### WHAT YOU ARE ASKED TO DO
Retype, word for word, every line of the records below starting at the one that contains "Floralong 19 Mar" and ending at the one that contains "Property Image d099d2b3-ec7c-4eaf-8dc2-7086c8c9bbfe"; include both of those lines and nothing more.

START PROVIDED DATA

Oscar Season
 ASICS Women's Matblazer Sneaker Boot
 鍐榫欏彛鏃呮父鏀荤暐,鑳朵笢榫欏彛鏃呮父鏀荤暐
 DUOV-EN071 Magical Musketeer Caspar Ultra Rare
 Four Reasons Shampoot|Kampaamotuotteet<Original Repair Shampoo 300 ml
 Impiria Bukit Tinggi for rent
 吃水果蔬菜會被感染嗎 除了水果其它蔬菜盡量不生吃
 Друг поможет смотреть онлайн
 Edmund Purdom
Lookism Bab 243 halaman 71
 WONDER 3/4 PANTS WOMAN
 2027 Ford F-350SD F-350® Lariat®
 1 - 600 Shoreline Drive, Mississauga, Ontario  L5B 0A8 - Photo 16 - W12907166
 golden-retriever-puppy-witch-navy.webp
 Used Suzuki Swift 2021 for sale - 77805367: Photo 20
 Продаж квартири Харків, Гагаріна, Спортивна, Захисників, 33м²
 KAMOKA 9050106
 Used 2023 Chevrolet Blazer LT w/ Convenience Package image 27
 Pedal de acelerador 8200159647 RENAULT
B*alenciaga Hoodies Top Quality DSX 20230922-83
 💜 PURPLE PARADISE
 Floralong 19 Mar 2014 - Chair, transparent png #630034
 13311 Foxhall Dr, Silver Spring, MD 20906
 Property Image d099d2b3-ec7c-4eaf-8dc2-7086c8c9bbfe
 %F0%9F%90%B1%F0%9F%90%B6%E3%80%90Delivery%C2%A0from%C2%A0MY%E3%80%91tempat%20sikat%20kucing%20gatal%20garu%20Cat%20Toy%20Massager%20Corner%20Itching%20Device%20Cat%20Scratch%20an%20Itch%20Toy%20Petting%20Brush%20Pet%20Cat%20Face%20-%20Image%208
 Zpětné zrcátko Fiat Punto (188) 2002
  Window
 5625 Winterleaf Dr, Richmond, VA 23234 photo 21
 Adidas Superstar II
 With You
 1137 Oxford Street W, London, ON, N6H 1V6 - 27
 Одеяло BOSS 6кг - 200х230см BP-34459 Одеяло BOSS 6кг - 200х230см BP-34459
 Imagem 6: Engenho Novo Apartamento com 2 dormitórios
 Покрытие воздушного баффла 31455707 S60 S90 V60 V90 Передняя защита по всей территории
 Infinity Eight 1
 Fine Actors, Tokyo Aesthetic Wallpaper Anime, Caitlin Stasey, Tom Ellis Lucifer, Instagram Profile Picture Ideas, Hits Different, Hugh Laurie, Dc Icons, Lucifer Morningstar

END PROVIDED DATA

### SOLUTION FOR THIS TASK
 Floralong 19 Mar 2014 - Chair, transparent png #630034
 13311 Foxhall Dr, Silver Spring, MD 20906
 Property Image d099d2b3-ec7c-4eaf-8dc2-7086c8c9bbfe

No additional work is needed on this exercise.